Kalau kita cermati kekurangan guru SMK itu ada hubungannya dengan kebijakan untuk meningkatkan jumlah SMK agar perbandingan SMA:SMK yang semula 70:30 dibalik menjadi 30:70.  Artinya jumlah SMK lebih dua kali lipat dibanding SMA, dengan alasan kita memerlukan tenaga kerja terampil tingkat menengah.  Namun kebijakan yang dimulai sejak era Mendikbud Prof Bambang Sudibyo itu terasa sangat sektoral.  Direktorat Pembinaan SMK gencar mendorong Kabupaten/Kota untuk meningkatkan jumlah SMK.  Bahkan ada istilah Kabupaten/Kota Vokasi dan Kemdikbud dengan bangga menyebutkan bahwa “Kabupaten X” sebagai kabupaten vokasi.  Sayangnya program itu tidak dibarengi oleh penyediaan guru.  Nah, sekarang kita dihadapkan pada kenyataan SMK kekurangan guru bidang produktif dan kemudian membuat crash program.  Jadi kekurangan guru produktif di SMK itu seharusnya tidak memunculkan crash program jika kita merencanakan pengemangan SMK dengan baik.

Apakah crash program hanya ada pada program keahlian ganda?  Setahu saya tidak dan lebih membingungkan seringkali kita bangga membuat crash program dengan memberi nama terobosan (break through).  Program keahlian ganda ada terobosan untuk mengatasi kekurangan guru produktif di SMK, PGSD Beasarama sebagai terobosan mengasilkan guru SD yang baik dan sebagainya.

Merenungkan kejadian itu saya jadi teringat seloroh adik saya tentang kebiasaan menurunkan berat badan.  Adik saya yang seorang dokter bedah dan sangat memperhatikan penampilan itu bercerita, persoalan ibu-ibu dalam menurunkan berat badan.  Banyak mereka yang inginnya instan.  Berat badannya turun dalam waktu singkat, tetapi pola instan seperti itu akan menimbulkan efek samping dalam kesehatan.  Yang betul penuruan berat badan harus pelan-pelan tetapi konsisten. 

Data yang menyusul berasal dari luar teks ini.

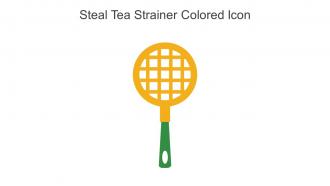 Steal Tea Strainer Colored Icon In Powerpoint Pptx Png And Editable Eps Format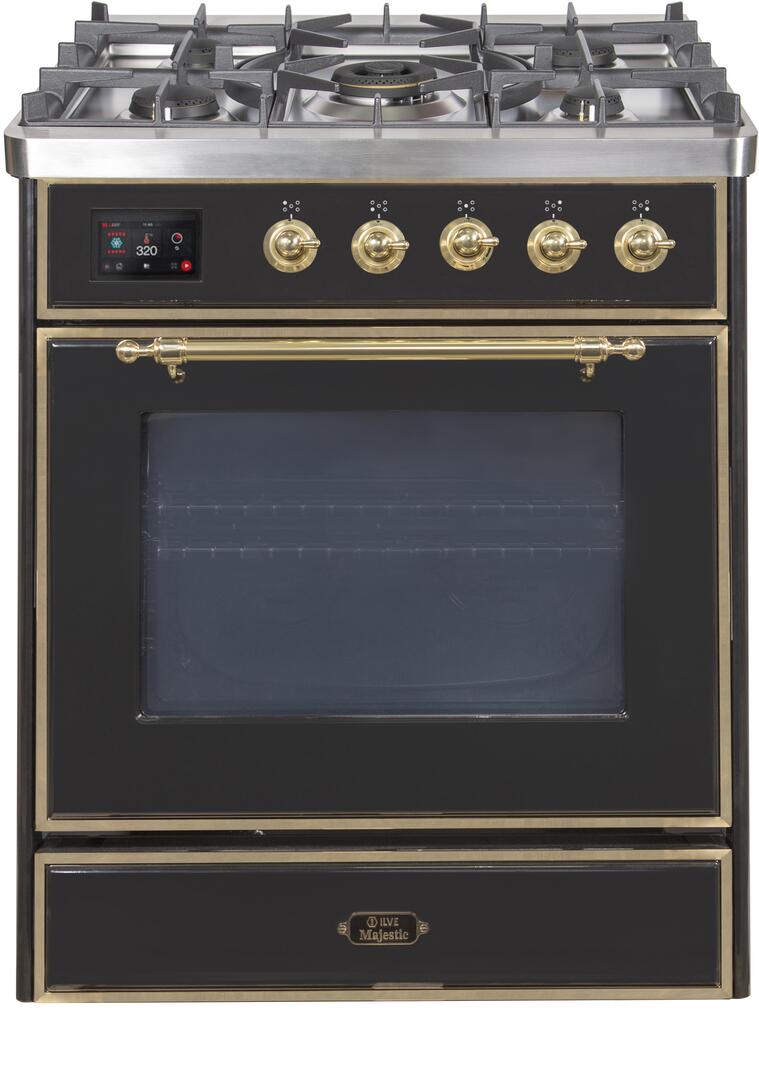 ILVE - 30" Magestic II Series Freestanding Dual Fuel Range - Glass Door(s)- Liquid Propane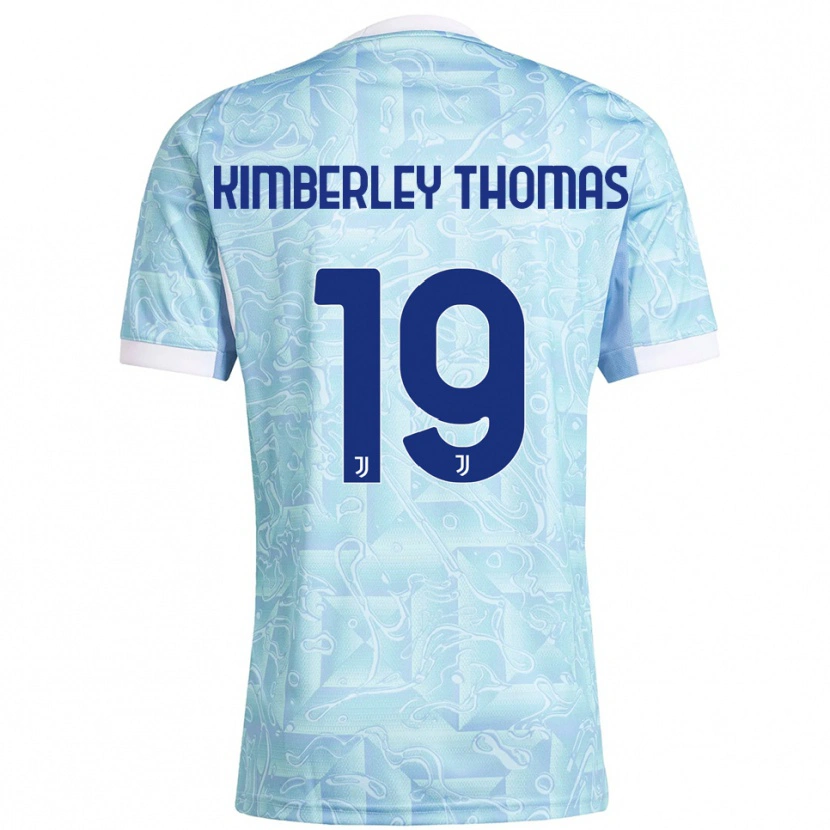 Danxen Dámské Lindsey Kimberley Thomas #19 Nebesky Modrá Žlutá Daleko Hráčské Dresy 2025/26 Dres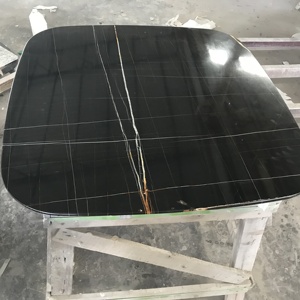 Nuovo design <span class=keywords><strong>nero</strong></span> piano in <span class=keywords><strong>marmo</strong></span> con base in metallo oro <span class=keywords><strong>tavolo</strong></span> da pranzo - Product Image 4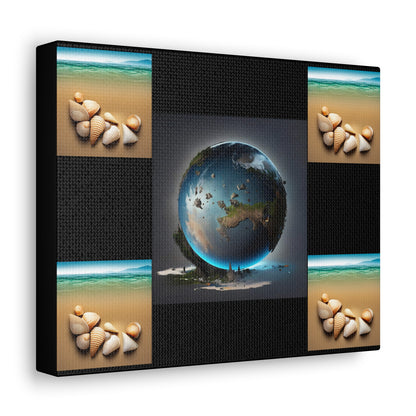 Matiby Worlds Black Canvas Gallery Wraps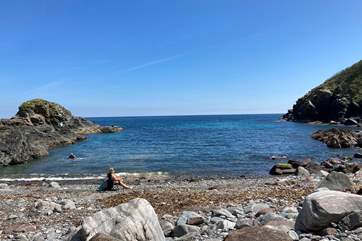 Pop down to the beach only moments from Pink Cottage.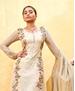 Picture of Charming Beige Straight Cut Salwar Kameez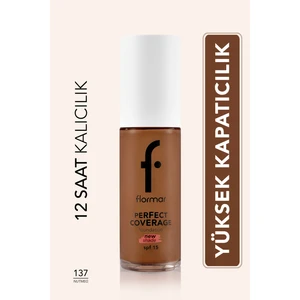 Perfect Coverage Yoğun Kapatıcı Su Bazlı Fondöten (Sıcak Alt Ton) -137 Nutmeg-8682536070676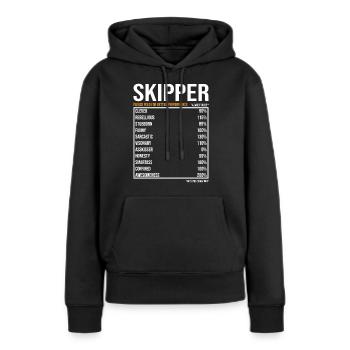 Skipper vaut la journée Drôle de skipper - Sweat à capuche Premium bio Femme - noir - Devant - Julia (174cm)
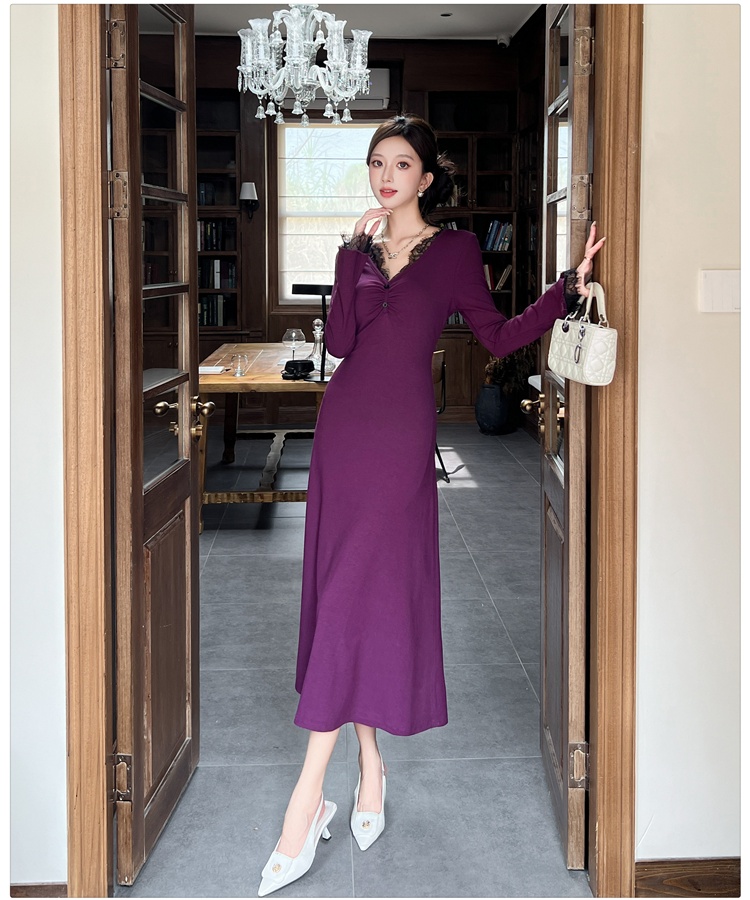 Autumn and winter long dress dress for women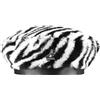 Kangol Faux Fur Beret Basco, Bianco zebrato, S/M Unisex-Adulto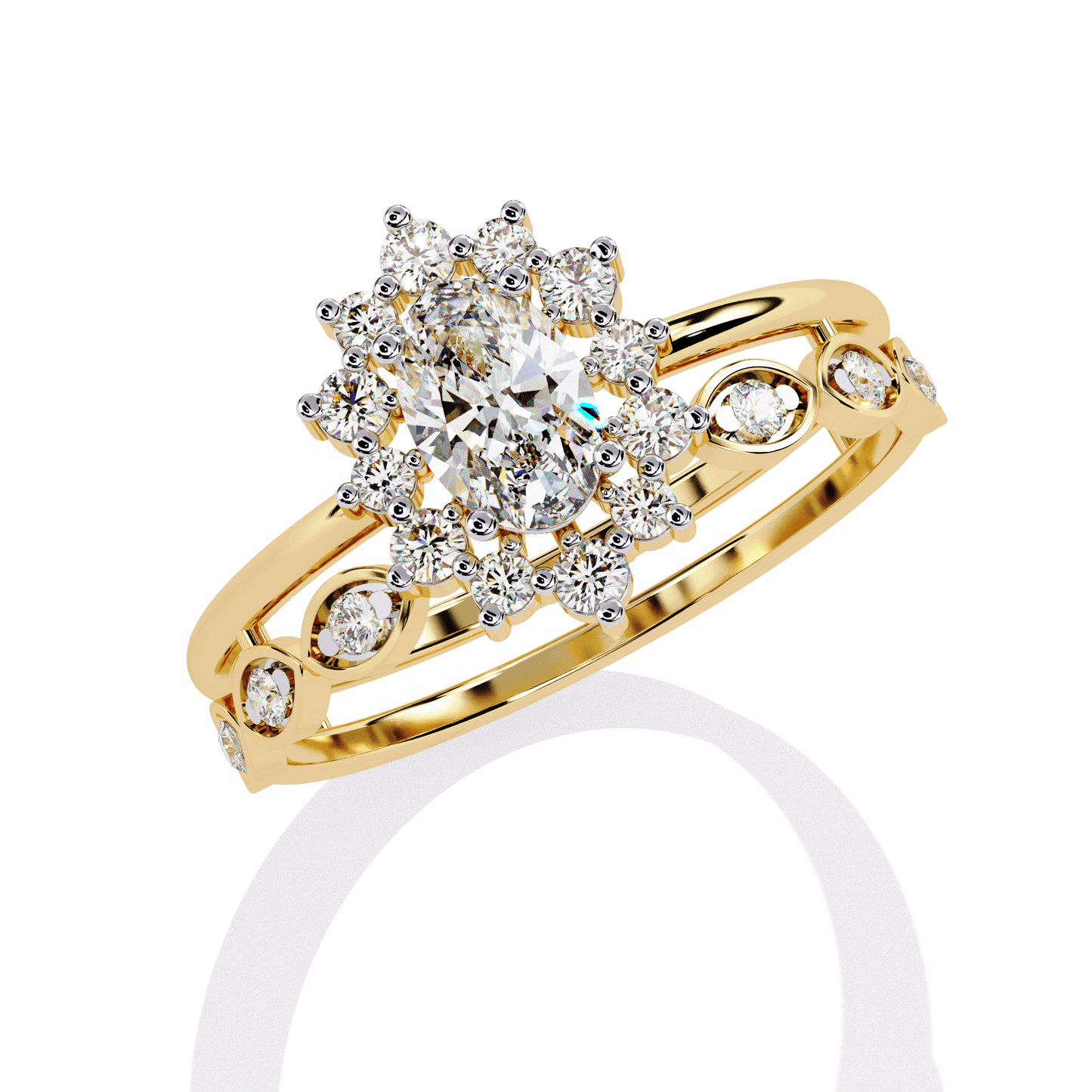 Crown light Diamond Ring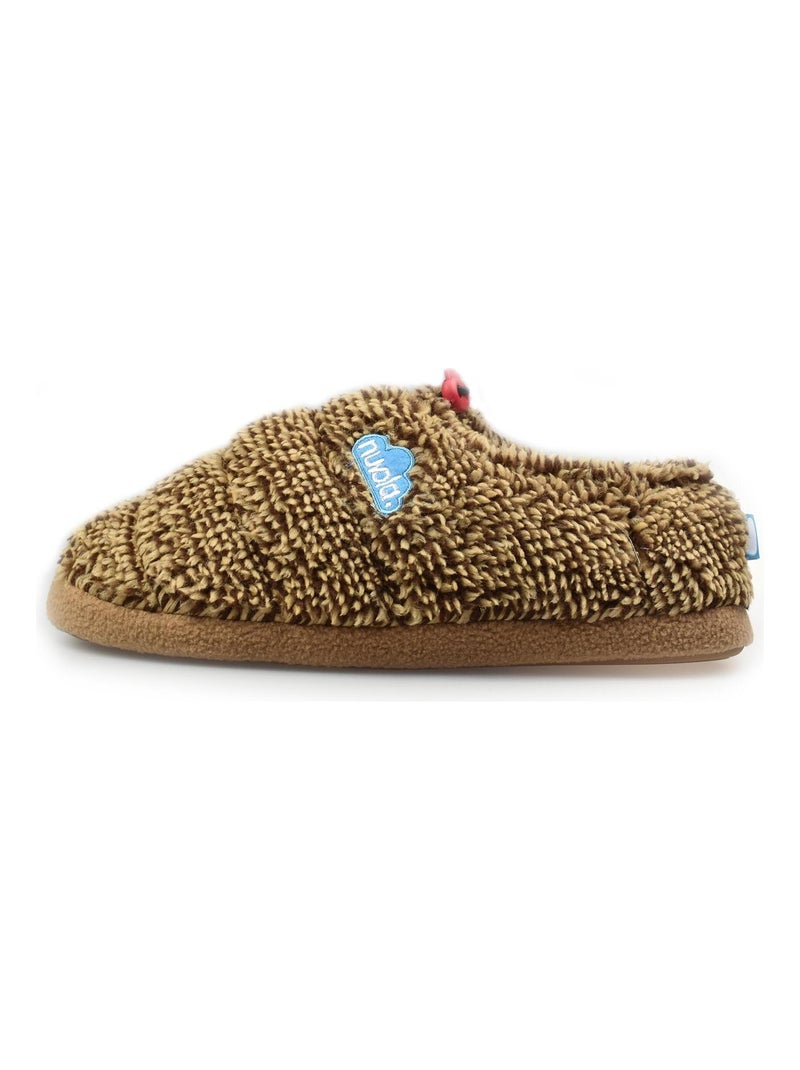 Zapatillas de casa unisex Nuvola con suela de goma Marrón - Kiabi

Namun ada yang lebih lucu.  Setelah berat badannya turun, ternyata kemudian naik lagi dan kemudian ribut untuk menurunkan secara instan lagi.  Mengapa begitu?  Kata adik saya, karena setelah berat badannya turun, pola makan yang semula direm begitu ketat kembali seperti semua dan tidak terkontrol.  Pada hal mengendalikan asupan makanan agar kalori yang masuk seimbang dengan keluar itulah kunci menjaga berat badan.

Apakah pola pikir instan dan crash program hanya terjadi pada penurunan berat badan dan pengadaan guru?  Ternyata tidak.  Coba kita ingat ketika rame-rame harga daging sapi mahal. Apa yang kita lakukan?  Pada hal, teman saya bercerita kita dapat berhitung berapa kebutuah daging untuk konsumsi kita dan dengan dasar itu dapat dibuat program jangka panjang untuk memenuhinya.  Masih banyak contoh lain.

Tampaknya crash program lebih banyak disebabkan kita kurang baik dalam merencanakan sesuatu dan kemudian ingin mengatasinya secara instan.  Pada hal kata orang bijak, “if you fail to plan, you plan to fail”.  Artinya jika kita gagal atau tidak mampu merencakan dengan baik, sama saja kita merencanakan kegagalan.  Semoga kita dapat segera mengakhiri pola pikir crash program seperti itu.